Recently reelected to the presidency on the slogan “he kept us out of the war”, and after years of insisting on neutrality in that Great War now known as World War I, by early 1917 President Wilson had reluctantly come to the conclusion that war with its main aggressor Germany was inevitable. America's commitment to neutrality had been strained by years of brazen German submarine warfare that had caused the sinking of several American ships and the death of hundreds of Americans--most astoundingly the Lusitania, in 1915, that caused the death of 128 Americans. Despite this, America had remained out of the conflict. All hope of remaining so though were dashed in early 1917 after the release of the Zimmermann Telegram, an official German message that urged a German-Mexico alliance against the U.S., with promises of American territory and possible invasion. The telegram inflamed American public opinion and helped convince Wilson and Congress that war was necessary.

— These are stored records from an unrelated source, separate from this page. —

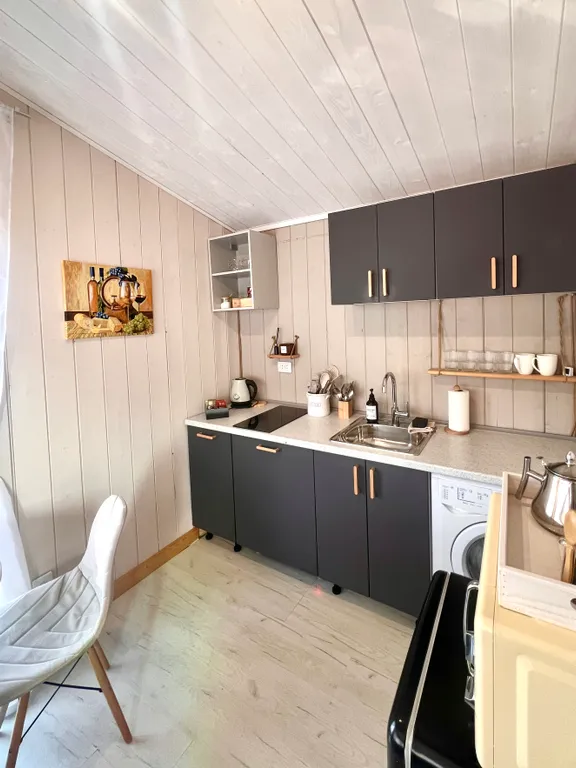 Коттедж Домик с купелью — Ломоносов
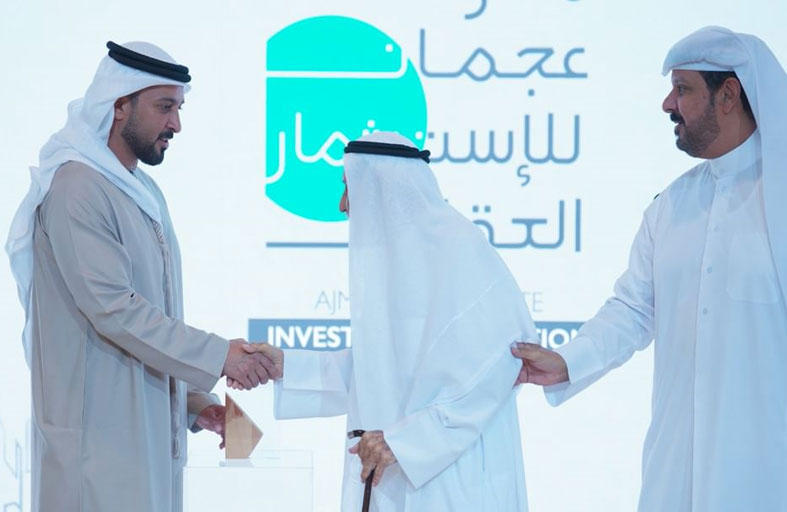 اختتام فعاليات معرض عجمان للاستثمار العقاري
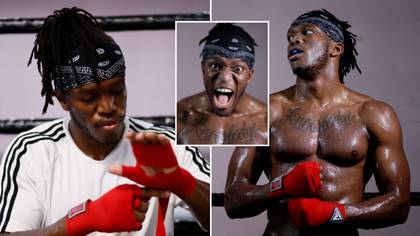 KSI will fight two opponents in one night this weekend, including professional fighter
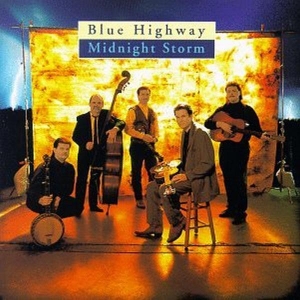 Blue Highway - Midnight Storm in der Gruppe CD bei Bengans Skivbutik AB (3205438)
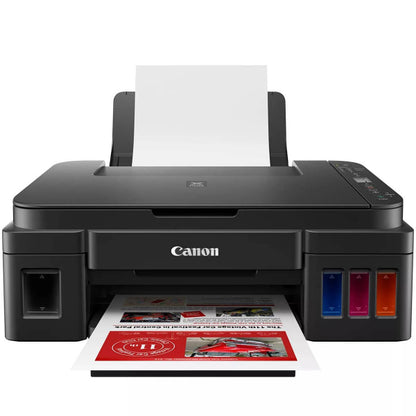 Canon G3410 PIXMA ink tank all-in-one printer with Wi-Fi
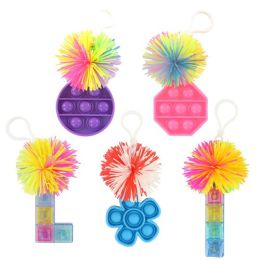 Pom Pom Poppers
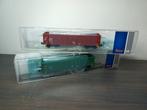 Roco 67091 - guterwagen set 2 tlg- Eaos SBB. New in box, Hobby en Vrije tijd, Modeltreinen | H0, Gelijkstroom, Ophalen of Verzenden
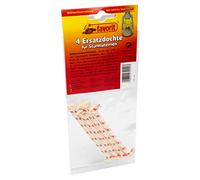 Favorit stoppini di Ricambio per Tempesta Lanterna, Bianco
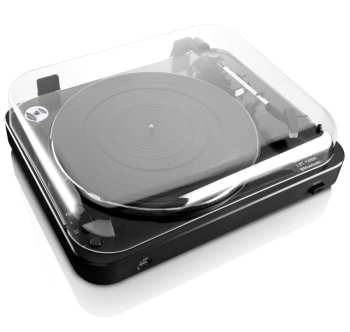 Hi-Fi Lenco Lbt-120bk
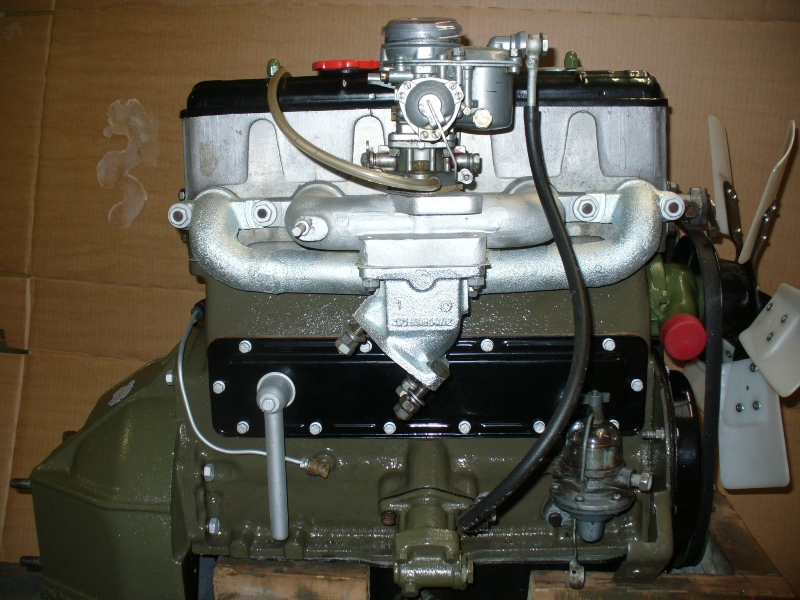 Motor S 21 003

On April 2, 1917, Wilson called a special joint session of Congress and gave what is now known as “the world must be made safe for democracy” speech, urging the United States to fight for the rights and liberties of small nations, and to “bring peace and safety to make the world itself at last free.” Wilson stated that “peace must be planted upon the tested foundations of political liberty. We have no selfish ends to serve. We desire no conquest, no dominion. We seek no indemnities for ourselves, no material compensation for the sacrifices we shall freely make. We are but one of the champions of the rights of mankind. We shall be satisfied when those rights have been made as secure as the faith and the freedom of nations can make them…” The speech marked a defining moment in Wilson's presidency, and persuaded Congress, who formally declared war on Germany and its allies four days later, on April 6.
This large broadside prints Wilson's full speech in French, and was almost certainly one of many that were plastered around the streets of Paris, signaling with its bold type the magnitude of America's entrance, and what would prove to be the beginning of the end of the then three-year long bloody conflict.